In the copy, keep every record exact and leave out all images.

▼

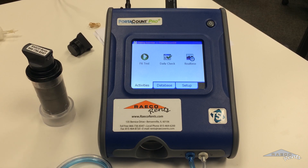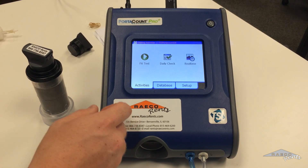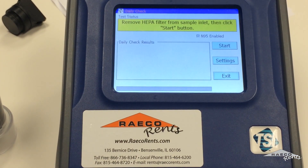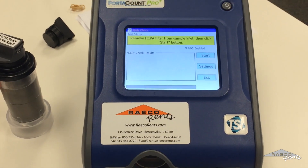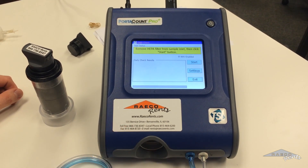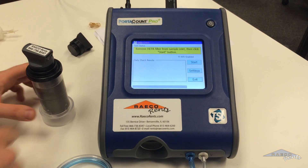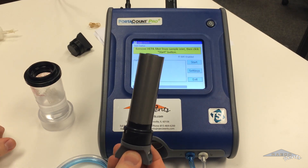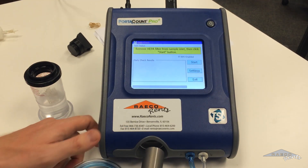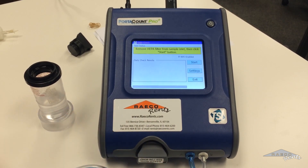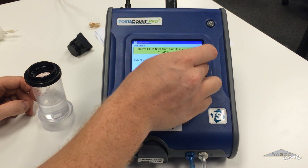Now we've got your database set up and we're almost ready to run the fit test. First, we've got to do our daily check. On the main screen here, hop into the daily check. Make sure you've got your tubing set up — your blue tube connected to the blue inlet, and your clear tube connected to the silver. Then we've got to put in this alcohol cartridge. Make sure you soak that in alcohol before you put it in, just put it in and give it a turn — it'll lock in there. Then we're just going to hit start.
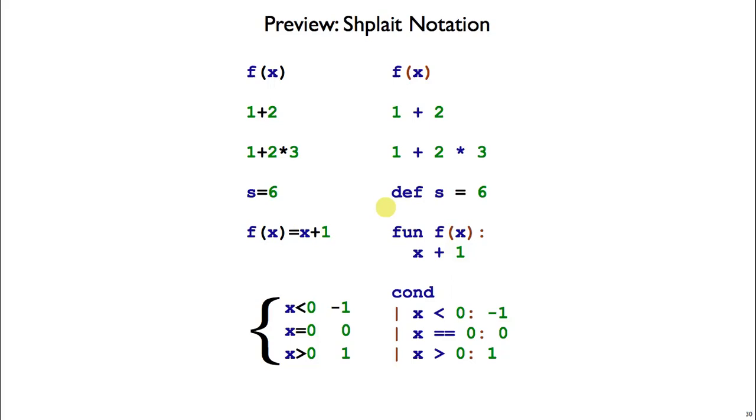To define a variable, use def. To define a function, use fun. And for a conditional statement, here's the syntax: cond, then vertical bar, a test, colon, and then the result expression.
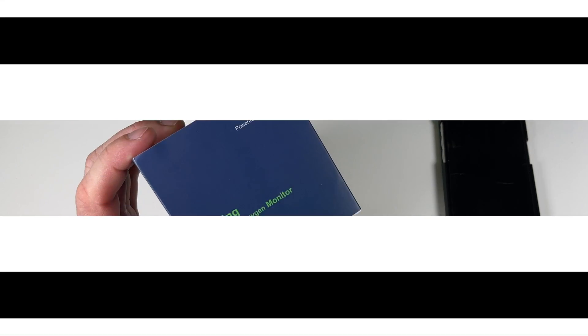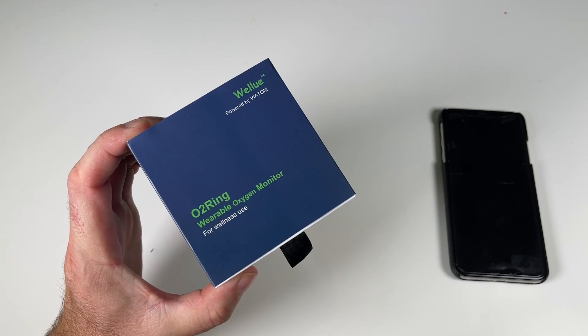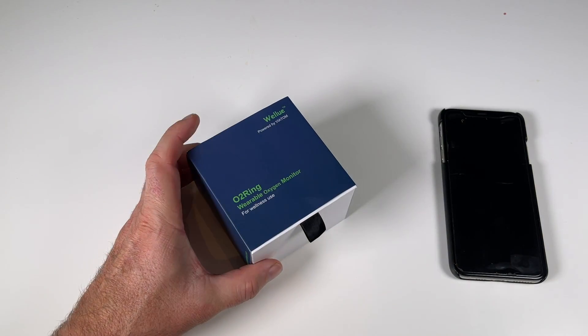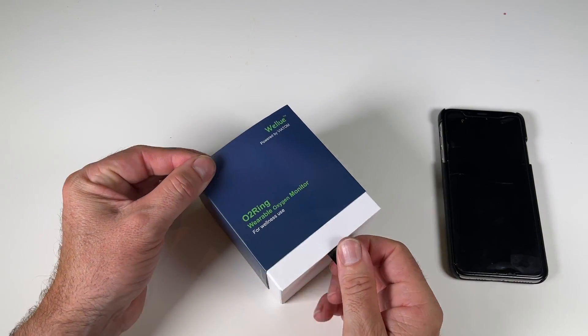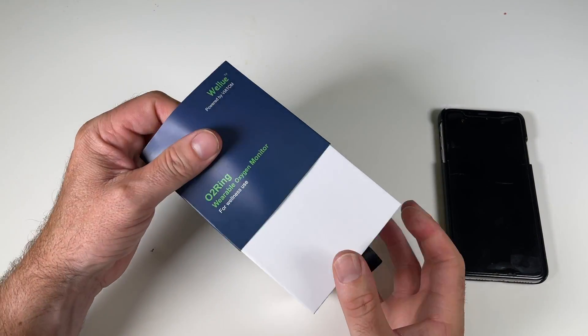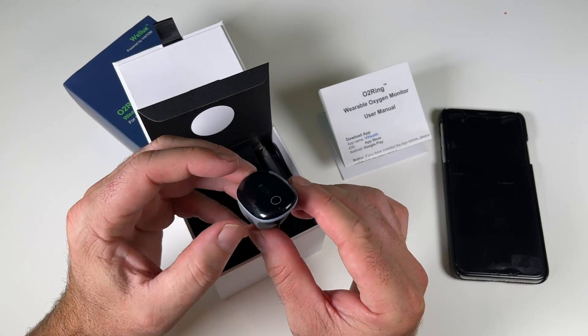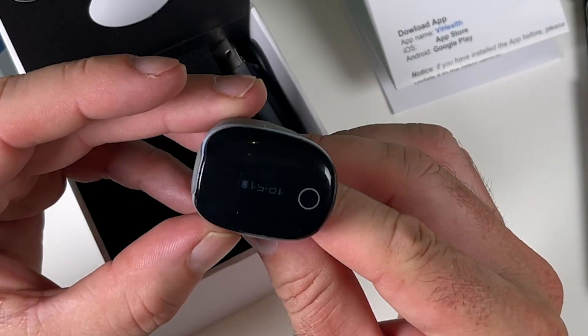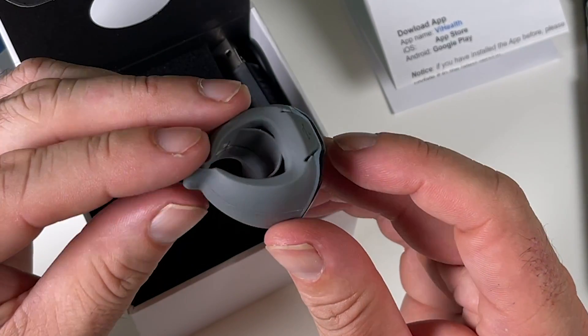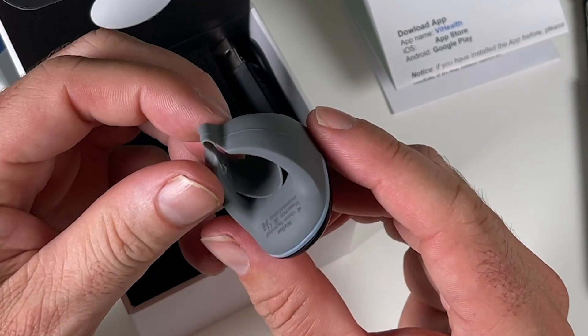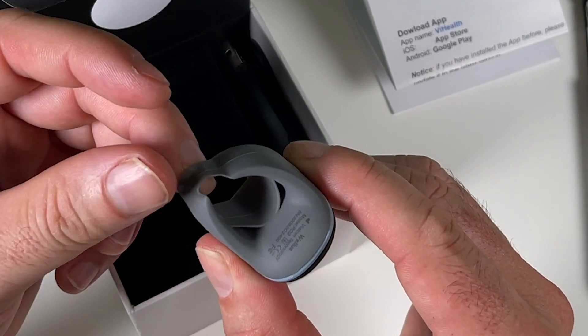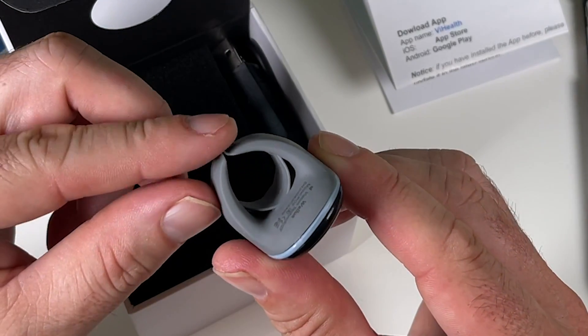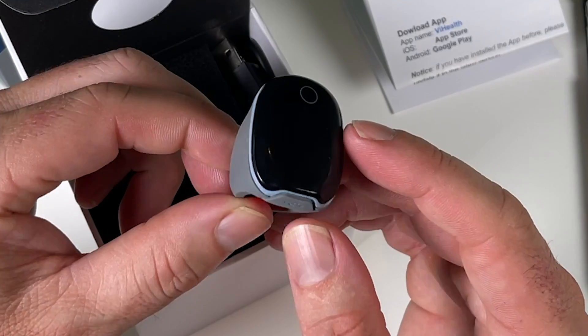Alrighty. So here we have it, the Wellu O2 ring. So I'll just do a quick unboxing for you so you can see it up close and personal. And then here's the little ring here. It's really comfortable to wear. It's really soft. You hardly even know you're wearing it.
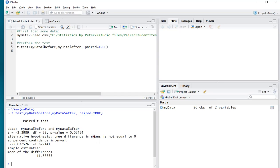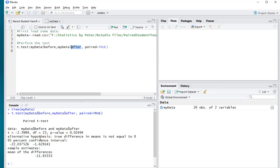The difference is significantly different from zero, and as I already noted, because this is negative, that means that the after is higher, because it's doing before minus after, so if after is higher, it becomes negative.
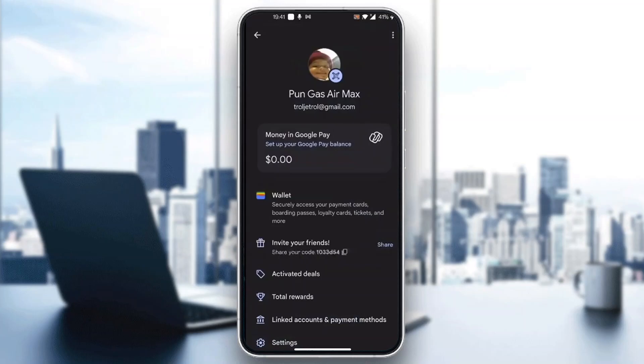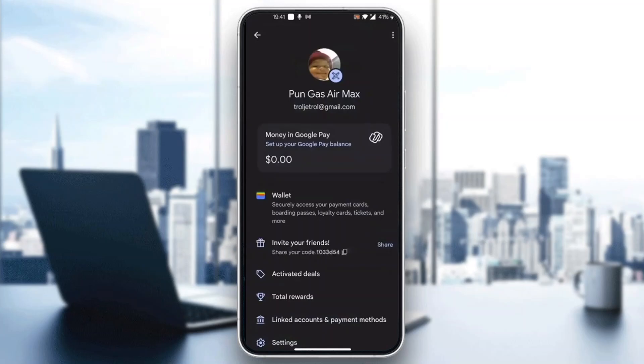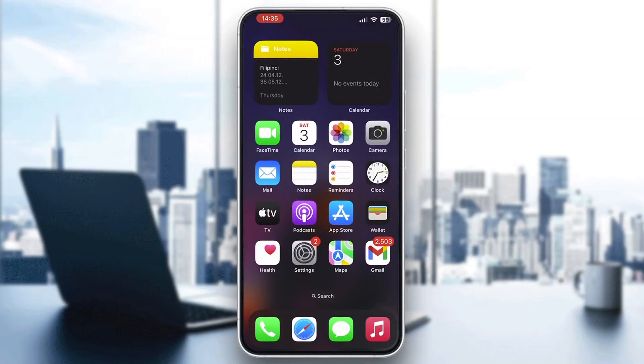After successfully connecting a payment method, go back to the main page and click on 'Your Money in Google Pay.' Click on your balance, which will take you to the next page where you can select to withdraw it to your bank account or wherever you want. Just follow the steps, select where you want the money sent, and it will deposit into your account.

▲

Written reply
Now we've got your database set up and we're almost ready to run the fit test. First, we've got to do our daily check. On the main screen here, hop into the daily check. Make sure you've got your tubing set up — your blue tube connected to the blue inlet, and your clear tube connected to the silver. Then we've got to put in this alcohol cartridge. Make sure you soak that in alcohol before you put it in, just put it in and give it a turn — it'll lock in there. Then we're just going to hit start.
To define a variable, use def. To define a function, use fun. And for a conditional statement, here's the syntax: cond, then vertical bar, a test, colon, and then the result expression.
Alrighty. So here we have it, the Wellu O2 ring. So I'll just do a quick unboxing for you so you can see it up close and personal. And then here's the little ring here. It's really comfortable to wear. It's really soft. You hardly even know you're wearing it.
The difference is significantly different from zero, and as I already noted, because this is negative, that means that the after is higher, because it's doing before minus after, so if after is higher, it becomes negative.
After successfully connecting a payment method, go back to the main page and click on 'Your Money in Google Pay.' Click on your balance, which will take you to the next page where you can select to withdraw it to your bank account or wherever you want. Just follow the steps, select where you want the money sent, and it will deposit into your account.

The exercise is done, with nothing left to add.